1864: Thomas N. Williams to Friend Warren

This letter was written in August 1864 by 22 year-old Thomas N. Williams who enlisted two years earlier in the Chicago Board of Trade Battery. Thomas was a native of Eastern Pennsylvania but he enlisted at Chicago on 1 August 1862 and was mustered in 31 July 1862 to serve three years. According to his enlistment record, Thomas stood 5 feet 11 inches, had brown hair and gray eyes, and worked as a clerk. He mustered out of the Battery on 30 June 1865.

Thomas was most likely the son of Randal and Mary A. Williams of Lackawaxen, Pike county, Pennsylvania. I could not confirm his presence in Chicago before or after the war from City Directories but I also can’t be certain of his middle initial. In Battery records he is identified as Thomas N. William but the “N” looks like it could be an “H” to me.
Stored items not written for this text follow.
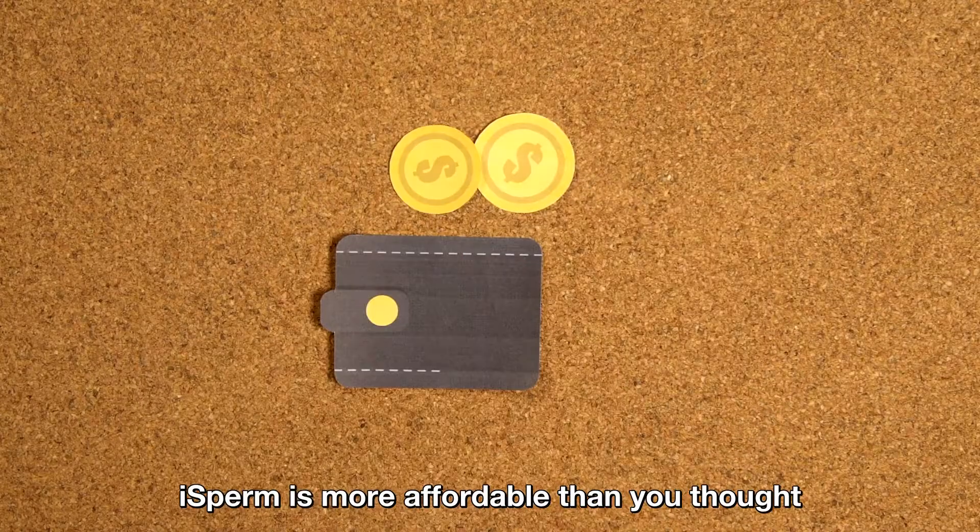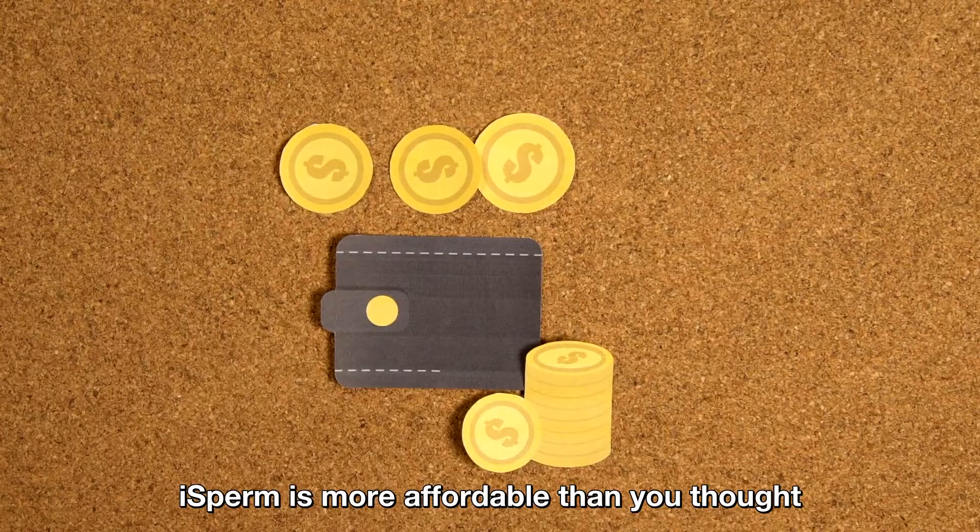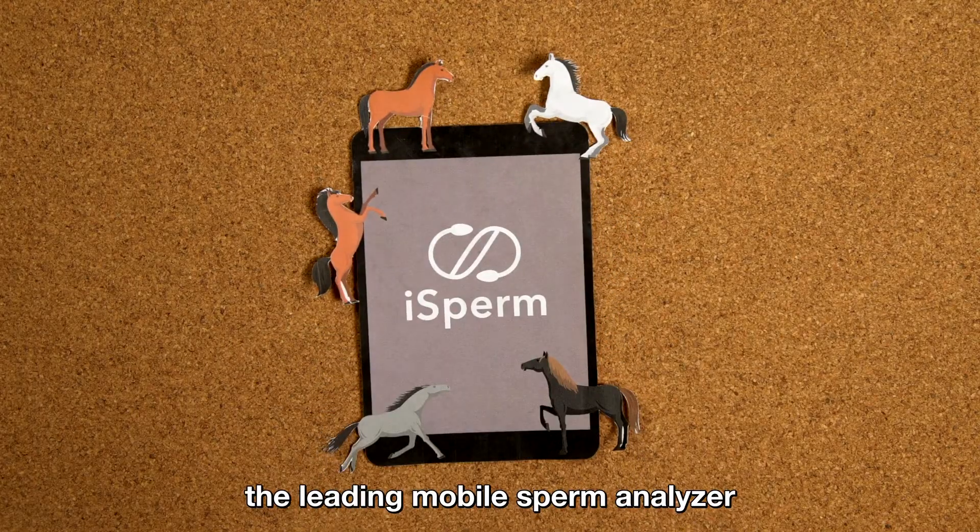On top of that, iSperm is more affordable than you thought. iSperm, the leading mobile sperm analyzer.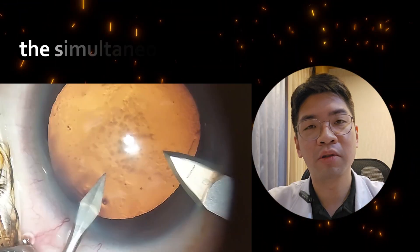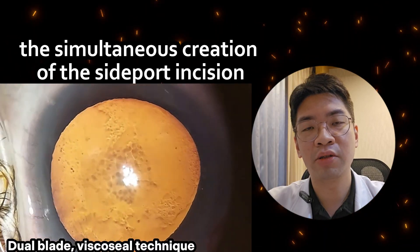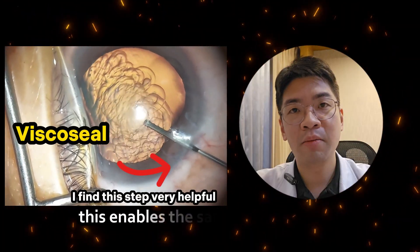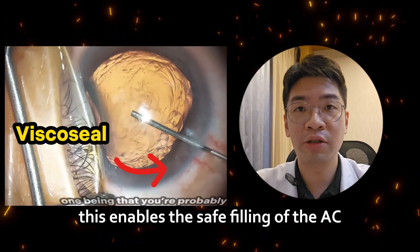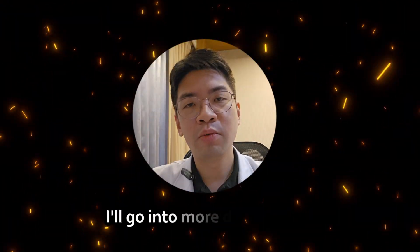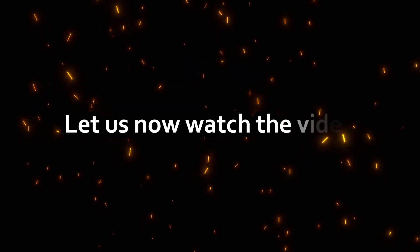This technique describes the simultaneous creation of the side port incision and the main incision, followed by the viscocelle technique. This enables the safe filling of the anterior chamber with visco connected to a 27 gauge needle. I'll go into more detail on the dual blade viscocelle technique. Let us now watch the video.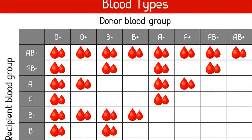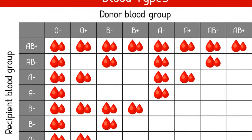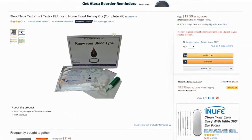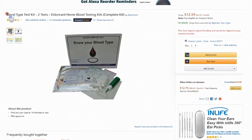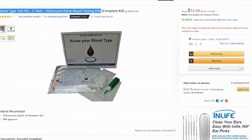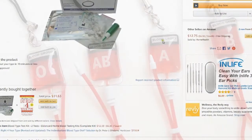Do you know your blood type? Would you like to know your blood type? It would be a good idea to know. The Eldon home kit is a self-test kit to determine your blood type inside the ABO and RHD blood group systems on an Eldon card with one test card.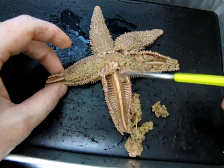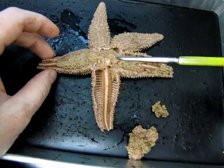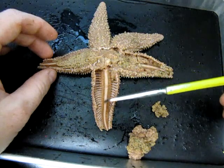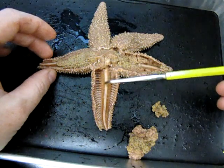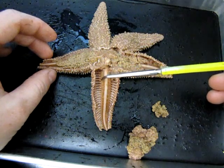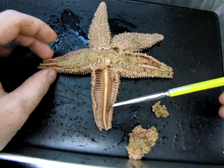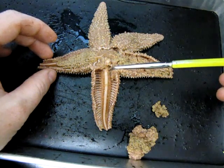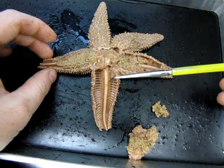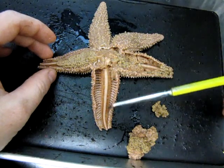Now we're getting into something completely different. You'll note right away this sort of bony-looking ridge here — this is called the ambulacral ridge. On either side of the ambulacral ridge, along these surfaces, you may be able to see some very small, round, jelly-like little structures.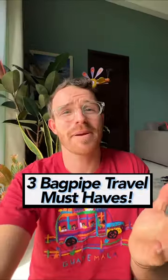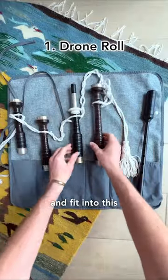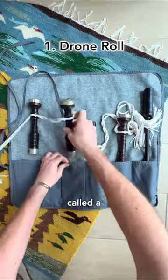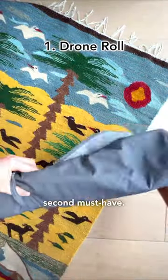In this week's What You Packin', three bagpipe travel must-haves. These tubes are called drones — they pull apart and fit into a sleeve called a drone roll, which protects the drones and they fit nicely into my second must-have.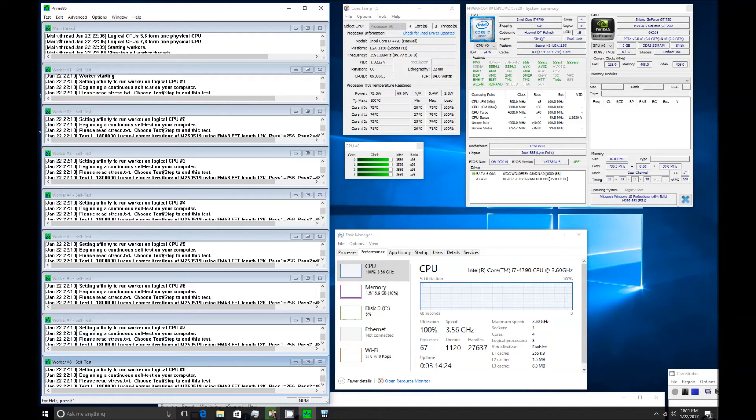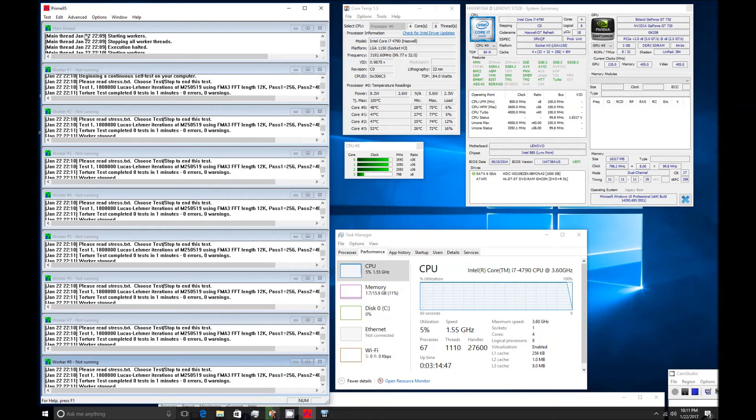As you can see, the torture test is very stable, capping in the mid-70s and never going beyond that 80-degree threshold. The next test I'm going to run is the maximum power test. I'm going to stop the maximum heat torture test and start the maximum power test.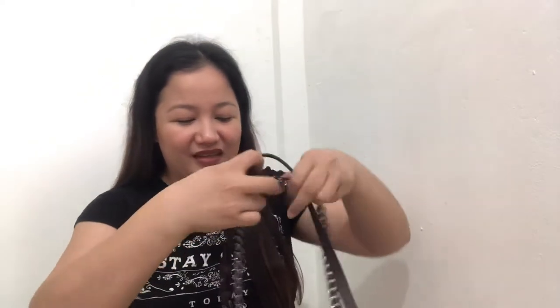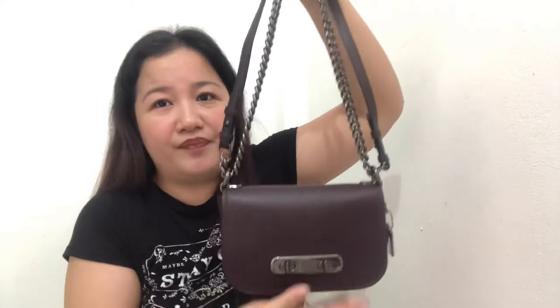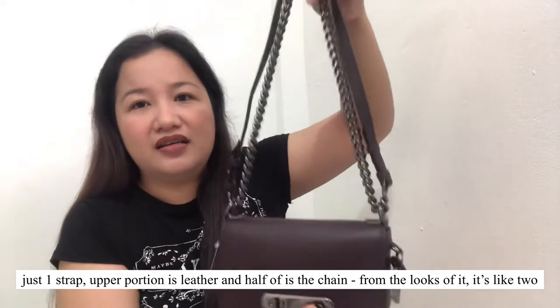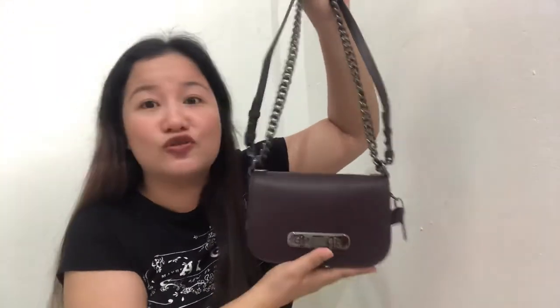So this is the Coach Swagger 20. Ang ganda, diba? The color is Oxblood — and as they say, Oxblood is the new black. The hardware is in gunmetal, including the turn lock closure. This is also the first time I've seen a bag with two tags: one in gunmetal and one in leather, both saying Coach New York. It also comes with two chains — a leather chain and a gunmetal chain. One thing I really love is the chain — it reminds me of Chanel's chain.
Randal and Mary Williams also had a son named Franklin (b. 1839) and he may have been the “Frank” mentioned by Thomas in the fourth paragraph.

[Note: This letter is from the personal collection of Jim Doncaster and is published by express consent. The header image shows the Chicago Board of Trade Battery in the field.]

TRANSCRIPTION

Chicago Board of Trade Battery
In Field 6 miles North of Atlanta
August 3rd 1864

Friend Warren,

Your appreciated favor of July 18th came to hand in due time and I hasten to reply. Was glad to hear that you were all well and also to get a letter from the Lackawaxen. I have only a few moments to write. Therefore you will please excuse brevity.

The news from this department are not at all interesting now as everything has been quiet for the past two days—although while I write there is a terrific cannonading in the center of our lines—and I judge that Sherman has opened on Atlanta again with his siege guns still banging away at Atlanta which we hope to have possession of ere many days as it is only a question of time.

This campaign has lasted now over 3 months and the soldiers are becoming completely sick of the continual whiz! buzz! of the Minié balls—as also the of continually sleeping on their arms in line of battle.

With yours came a letter from Frank. He is well and still at Memphis, Tennessee. His time is out in about 20 days. Consequently he feels highly elated. Who couldn’t? I have about 11 months yet and would be better pleased were it only days instead of month.

The Boys of the Battery all feel pretty good and are in excellent health. We lost 8 men the other day (wounded) at Decatur. The enemy charged our battery but did not succeed in getting us. The same day they charged our whole line but were repulsed with very heavy loss all along the entire line! ¹ They as well as we are getting heartily sick of the war and are willing to give up but the private soldier has but little notice among the big bugs of Dixie and vice versa.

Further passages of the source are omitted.